As a machine learning engineer and researcher with most of my focus on computer vision, I learned much from reading this paper and the relevant background material. It is evident that neural networks have great potential to improve modeling techniques in the realm of medicine and biology. When comparing the techniques used in this model with my own experience, I thought of several things that I would be interested to try, if I were working on a second phase of this research:

1. Gap encoding — The four nucleotides are encoded in a 1-hot encoding, plus an extra element representing a gap. I am curios to see if the results improve if the gap representation is changed to simply [0, 0, 0, 0].

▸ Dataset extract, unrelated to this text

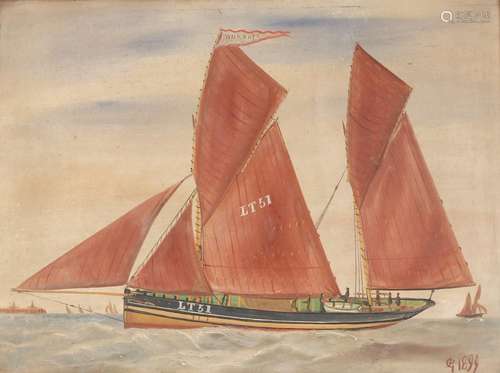 Late 19th Century school,study of The Lowestoft Trawler Our ...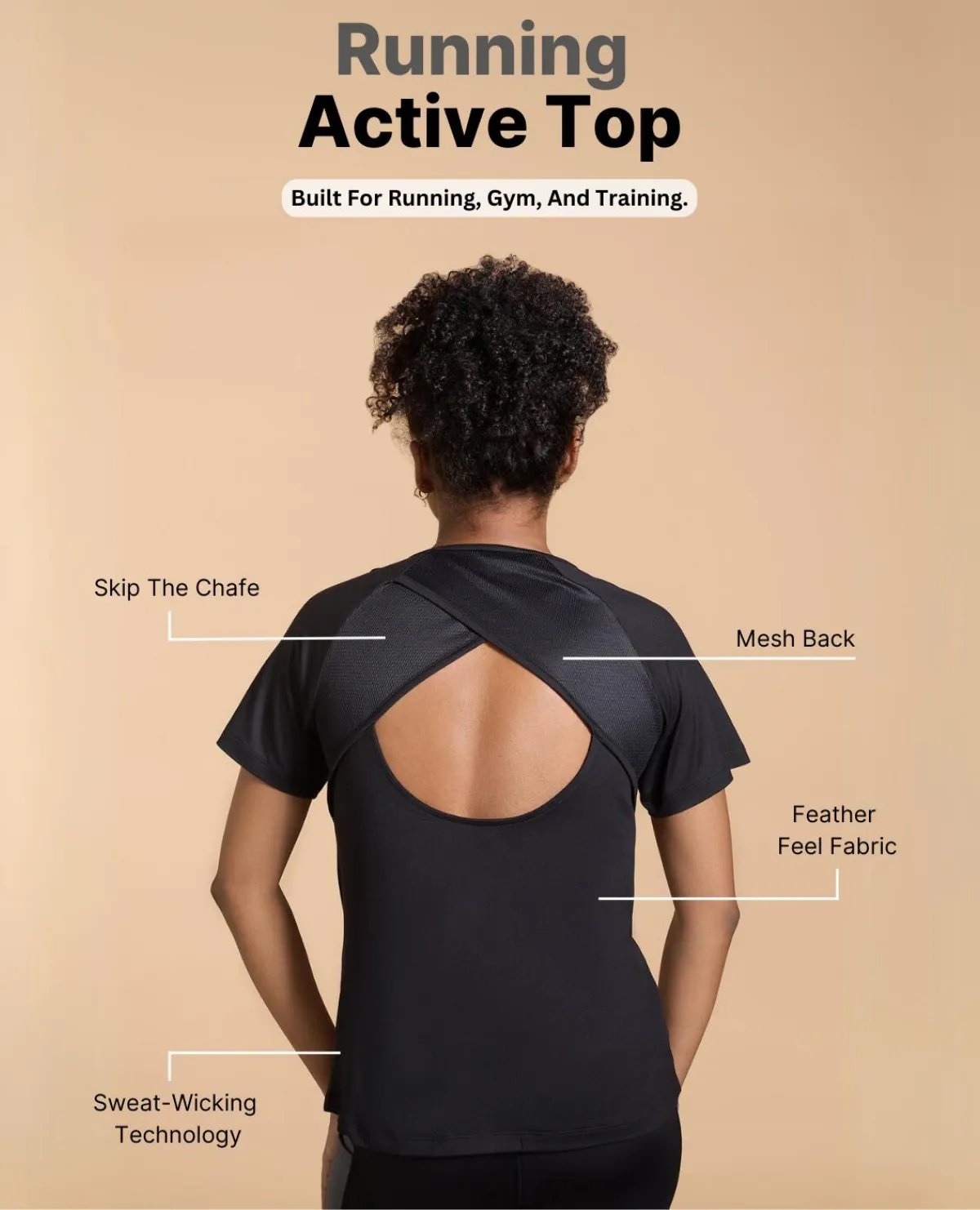 Sustainable Packaging Moisture Management Fabric Feather Feel Running Active Tshirt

2. Feature depth — the architecture presented here uses a single feature throughout the model. My intuition from computer vision makes me curious about the possibilities in feature diversification. Just as in computer vision, the training process may converge in a way so that a single position in the image may have various features e.g. ‘roundness’, ‘metallicity’, ‘smoothness’, I guess it can be the same in genomic sequence.
3. Padding type — The authors are using ‘valid’ padding in their convolution layers, as opposed to ‘same’ padding which is commonly used in computer vision. This gradually shortens the sequence as it is passed between layers. ‘Same’ padding preserves the spatial size of the sequence, allowing structures near the sequence edge to maintain some effect even in later stages of the model. It also enables operations such as concatenation of outputs from layers in different stages of the model.
4. Attention mechanism — (Vaswani et al., Attention Is All You Need, 2017, NIPS) — Attention blocks are useful in finding subtle relationships between remote tokens in a sequence (e.g. different parts of a sentence in NLP), and they are especially relevant when the value of one token may have a significant effect on the interpretation of the value of the other token. It would be interesting to see if adding an attention block improves results and if so — use it it retrace the hidden relationships between areas in the loci.